Après quelques secondes, on les invite à entrer et à patienter dans un petit vestibule. Nehla retire sa cape et la donne à un très grand homme qui lui répond avec un petit signe de tête. Ne sachant comment réagir, elle lui sourit doucement et incline à son tour la tête. Satisfait, celui qu’elle prend pour un majordome, comme ceux des contes de fées, se retire avec son vêtement. Elle s’installe ensuite confortablement dans un petit fauteuil coloré, suppliant des yeux son père de lui rendre le manuel. Avec un soupir, il consent finalement à le lui donner. Elle avale à nouveau quelques pages, tout en demandant des précisions sur certains termes à son père.
Il faudrait que je note tout ce que je comprends pas, comme ça, la prochaine fois, je regarde. Mais j’ai pas de trucs pour écrire encore. Tu penses que je peux en avoir un ? Comme le registre, mais petit pour aller dans ma poche, comme ça si je marche, je peux écrire quand même et j’oublierais plus…
Son père la stoppe dans sa tirade en posant sa main puis il se lève avec un sourire en invitant Nehla à faire de même. Elle jette un œil à son ouvrage, glisse son doigt sur la page, et referme le manuel sur sa main pour marquer l’endroit où elle s’est arrêtée. D’un escalier descendent deux hommes immenses, l’un plus jeune que l’autre, à l’allure décidément peu commune. Les grands yeux émeraude de Nehla s’illuminent en reconnaissant quelques traits propres à certaines créatures décrites dans des livres qu’elle a déjà lus.
Son père avance de quelques pas en tendant sa main à l’homme qui semble le plus vieux, en inclinant légèrement la tête, tout comme celui à qui doit appartenir la maison.

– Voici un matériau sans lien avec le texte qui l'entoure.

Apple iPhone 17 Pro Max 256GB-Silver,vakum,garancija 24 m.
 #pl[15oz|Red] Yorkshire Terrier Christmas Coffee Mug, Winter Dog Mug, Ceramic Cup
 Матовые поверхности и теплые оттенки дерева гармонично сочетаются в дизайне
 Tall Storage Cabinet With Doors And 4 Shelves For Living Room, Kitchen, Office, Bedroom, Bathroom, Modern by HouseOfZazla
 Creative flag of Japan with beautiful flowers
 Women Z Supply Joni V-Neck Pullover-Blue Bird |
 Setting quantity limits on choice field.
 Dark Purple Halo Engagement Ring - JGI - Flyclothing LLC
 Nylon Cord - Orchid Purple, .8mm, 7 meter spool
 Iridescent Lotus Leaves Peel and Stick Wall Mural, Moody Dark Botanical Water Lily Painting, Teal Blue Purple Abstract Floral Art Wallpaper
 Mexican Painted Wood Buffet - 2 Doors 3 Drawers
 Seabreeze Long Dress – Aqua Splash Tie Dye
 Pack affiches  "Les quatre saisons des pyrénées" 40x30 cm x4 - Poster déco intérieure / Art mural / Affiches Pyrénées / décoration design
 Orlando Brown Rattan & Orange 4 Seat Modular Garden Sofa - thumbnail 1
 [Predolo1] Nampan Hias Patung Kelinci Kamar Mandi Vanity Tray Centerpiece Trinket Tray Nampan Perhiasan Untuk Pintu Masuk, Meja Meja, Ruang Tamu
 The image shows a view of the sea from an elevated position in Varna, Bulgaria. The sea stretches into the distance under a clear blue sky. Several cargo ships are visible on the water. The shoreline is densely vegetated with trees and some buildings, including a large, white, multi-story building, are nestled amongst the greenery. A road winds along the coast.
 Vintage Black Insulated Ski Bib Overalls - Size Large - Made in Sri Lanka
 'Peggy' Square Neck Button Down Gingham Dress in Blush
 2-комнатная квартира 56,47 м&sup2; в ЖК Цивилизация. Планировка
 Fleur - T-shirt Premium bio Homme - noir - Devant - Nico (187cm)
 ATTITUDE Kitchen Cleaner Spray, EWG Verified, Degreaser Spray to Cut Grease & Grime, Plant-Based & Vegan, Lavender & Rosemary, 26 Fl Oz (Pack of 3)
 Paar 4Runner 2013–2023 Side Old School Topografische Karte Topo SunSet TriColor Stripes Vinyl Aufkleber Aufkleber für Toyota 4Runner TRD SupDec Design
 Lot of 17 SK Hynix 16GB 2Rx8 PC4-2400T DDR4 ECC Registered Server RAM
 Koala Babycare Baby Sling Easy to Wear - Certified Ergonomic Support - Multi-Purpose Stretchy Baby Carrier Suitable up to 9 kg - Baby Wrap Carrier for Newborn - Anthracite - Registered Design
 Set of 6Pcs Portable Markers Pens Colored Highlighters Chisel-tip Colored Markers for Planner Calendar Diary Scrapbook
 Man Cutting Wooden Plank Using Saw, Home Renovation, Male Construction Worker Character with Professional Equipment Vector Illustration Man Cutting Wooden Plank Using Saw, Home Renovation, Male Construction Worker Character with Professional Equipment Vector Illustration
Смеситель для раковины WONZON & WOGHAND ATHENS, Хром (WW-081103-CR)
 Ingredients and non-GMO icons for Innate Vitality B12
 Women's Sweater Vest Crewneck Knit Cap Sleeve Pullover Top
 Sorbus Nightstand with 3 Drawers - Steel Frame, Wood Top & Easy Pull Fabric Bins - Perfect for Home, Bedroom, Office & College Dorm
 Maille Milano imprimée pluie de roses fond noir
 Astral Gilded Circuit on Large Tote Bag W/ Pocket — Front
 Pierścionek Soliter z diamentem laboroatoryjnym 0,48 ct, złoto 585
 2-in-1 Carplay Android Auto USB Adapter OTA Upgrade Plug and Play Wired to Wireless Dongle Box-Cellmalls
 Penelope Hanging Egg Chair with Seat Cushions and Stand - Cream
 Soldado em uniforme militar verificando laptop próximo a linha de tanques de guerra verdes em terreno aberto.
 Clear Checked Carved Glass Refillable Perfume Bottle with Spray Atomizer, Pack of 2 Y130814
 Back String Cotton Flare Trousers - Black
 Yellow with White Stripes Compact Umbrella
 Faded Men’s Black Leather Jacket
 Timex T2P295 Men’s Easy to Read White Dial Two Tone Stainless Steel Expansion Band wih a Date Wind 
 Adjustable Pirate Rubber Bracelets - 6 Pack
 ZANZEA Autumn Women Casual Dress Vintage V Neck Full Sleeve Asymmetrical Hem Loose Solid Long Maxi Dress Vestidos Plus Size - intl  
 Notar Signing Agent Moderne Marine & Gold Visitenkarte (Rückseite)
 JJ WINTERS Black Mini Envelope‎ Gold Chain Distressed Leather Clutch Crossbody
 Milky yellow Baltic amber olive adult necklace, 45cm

Serrant son livre contre sa poitrine, Nehla rejoint le libraire lorsqu’il lui adresse un signe de la main. Elle ne peut s’empêcher de laisser ses yeux virevolter d’un visage à l’autre, détaillant au plus vite ces deux curieuses personnes. Elle baisse doucement la tête avant de tendre sa petite main à l’homme qui a déjà salué son père.
Bonjour, je … Pardon !
Elle retire son doigt coincé entre les pages du livre et le tend à l’homme en même qu’elle tend à nouveau sa main.
Bonjour, je m’appelle Nehla, je travaille avec mon père et ça, c’est pour vous. Ou pour vous.
Elle se tourne avec son livre et sa main tendue vers l’autre homme, un léger sourire aux lèvres.
Et si c’est compliqué, je vous explique, mais comme vous êtes grand, vous allez sûrement comprendre très vite, en fait, c’est pas trop dur quand on connaît bien les mots, moi parfois, je comprends pas vraiment alors je demande de l’aide, mais vous aurez pas besoin de demander, je suis là et…
Nehla…
Pardon. C’est pour vous.
Elle baisse à nouveau la tête en s’approchant d’un pas avec son livre tendu, les joues légèrement rosées car elle s’est un peu laissé emporter et surtout parce qu’elle se fait souvent réprimander de la sorte par son père, alors que lorsque c’est sa mère qui parle pendant des heures sans s’arrêter, il ne lui dit jamais rien.